### Exercise goal
Leaving out all pictures, copy the lines below exactly, from the line with "Kina-Photography - Waterford" to the last line, both ends included.

### Dataset excerpt
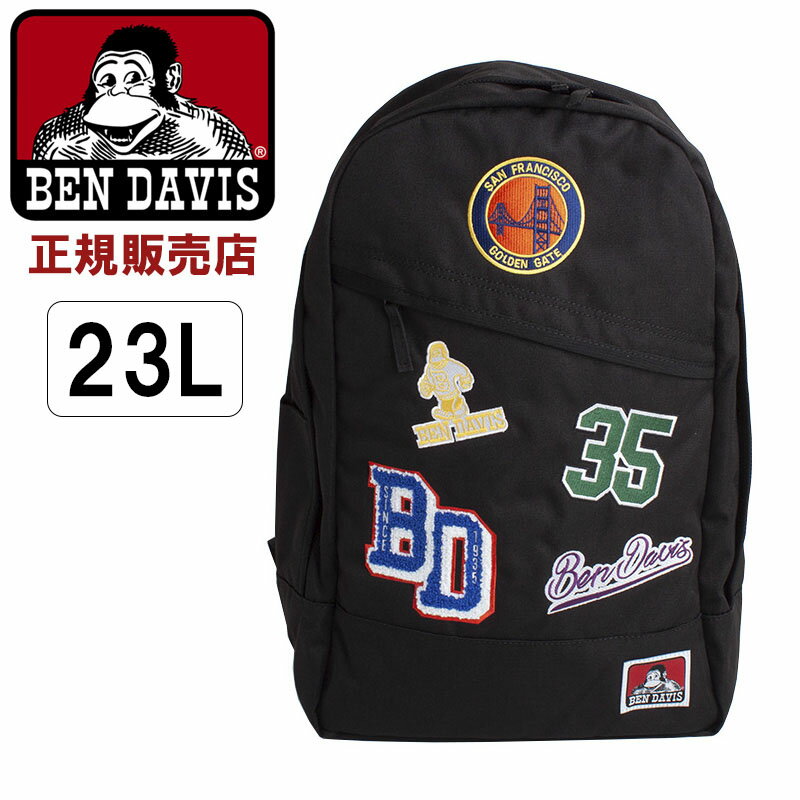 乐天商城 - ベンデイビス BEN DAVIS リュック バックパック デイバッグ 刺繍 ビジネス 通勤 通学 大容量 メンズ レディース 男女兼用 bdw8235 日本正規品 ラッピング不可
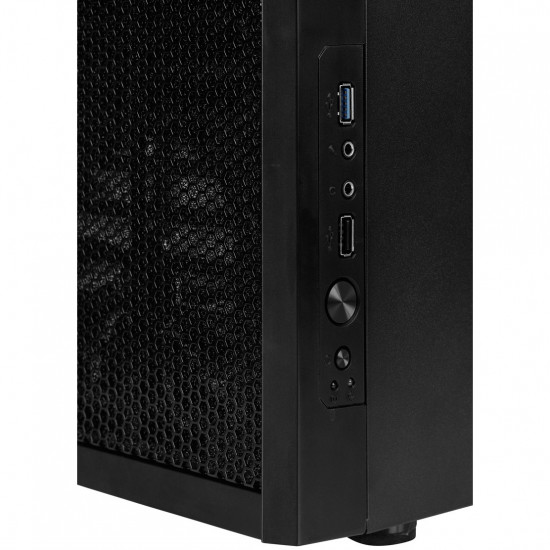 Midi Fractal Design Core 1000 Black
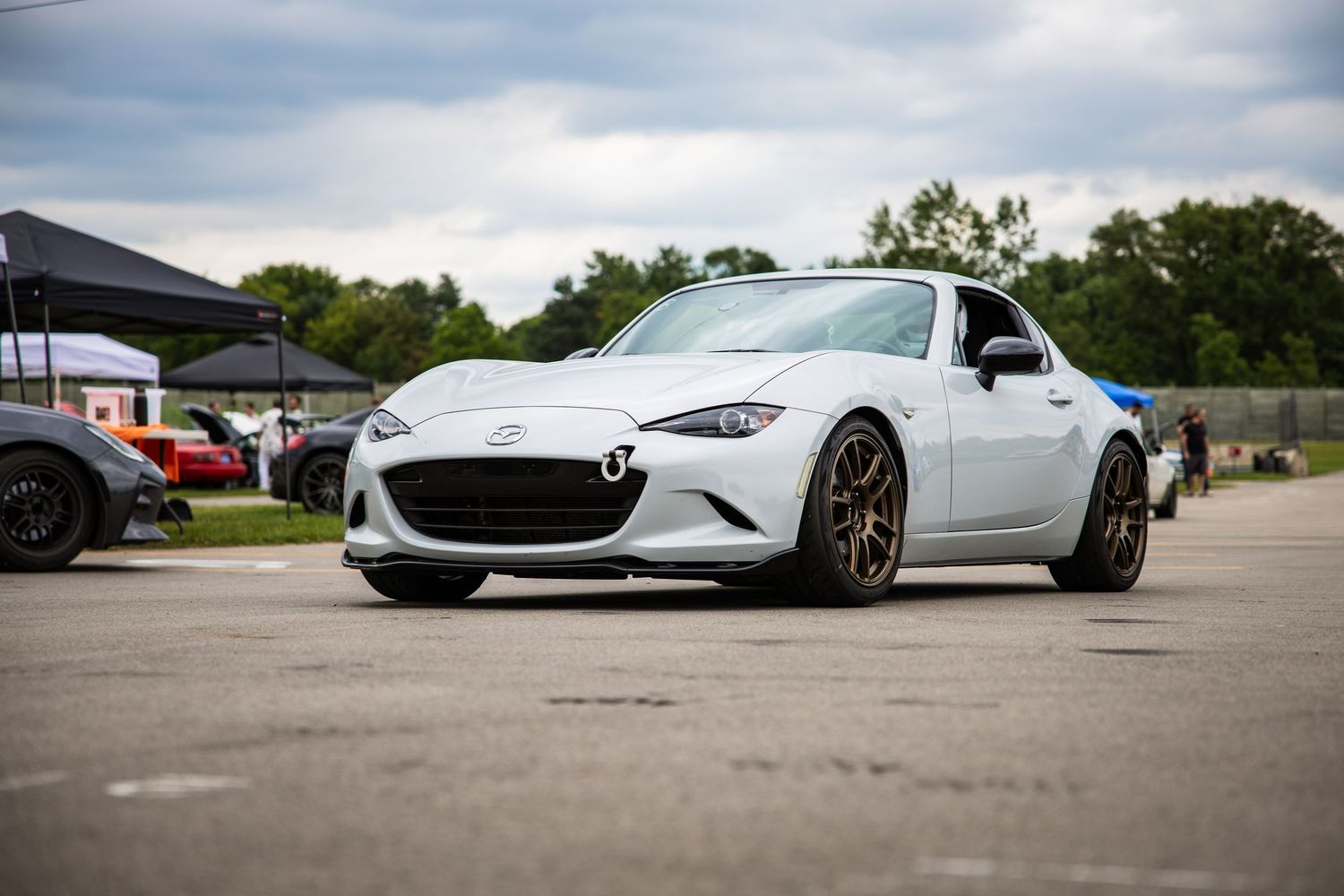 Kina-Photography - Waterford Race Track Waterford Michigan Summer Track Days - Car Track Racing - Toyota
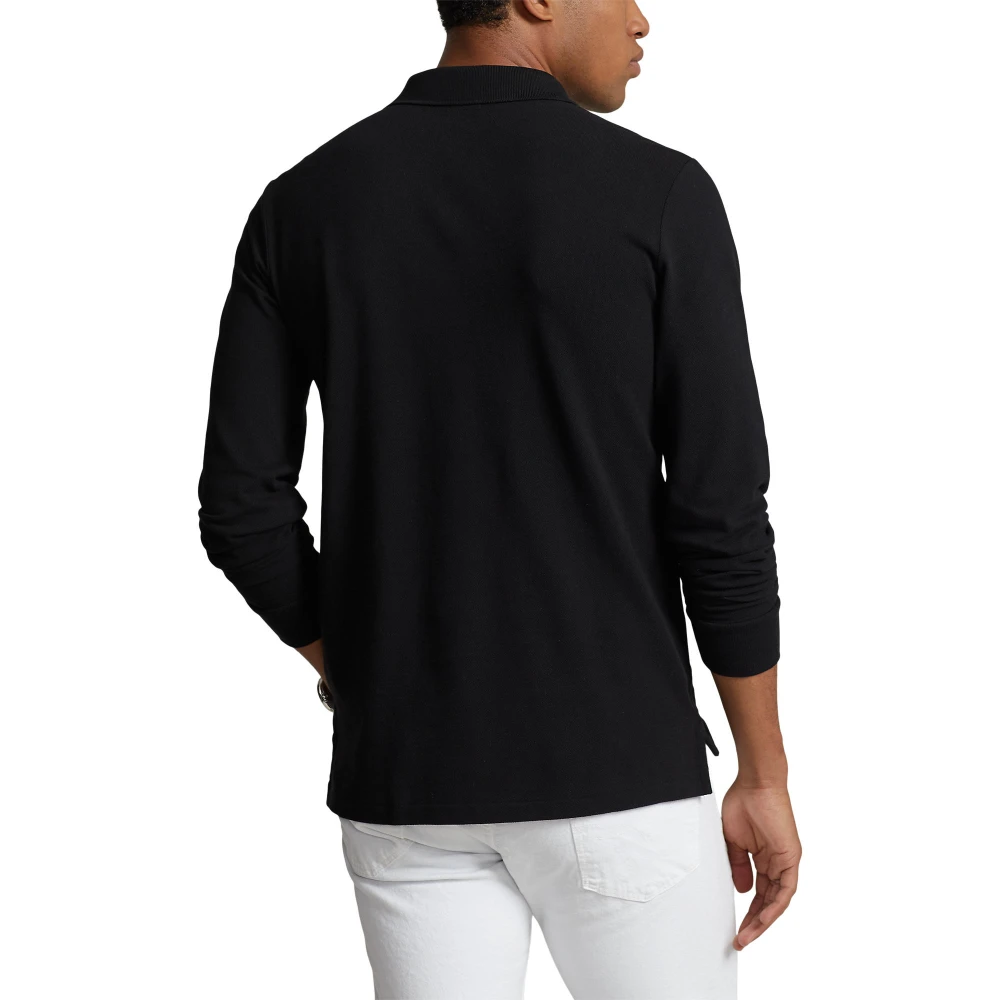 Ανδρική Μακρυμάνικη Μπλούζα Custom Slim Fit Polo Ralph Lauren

### Task result
 Kina-Photography - Waterford Race Track Waterford Michigan Summer Track Days - Car Track Racing - Toyota
 Ανδρική Μακρυμάνικη Μπλούζα Custom Slim Fit Polo Ralph Lauren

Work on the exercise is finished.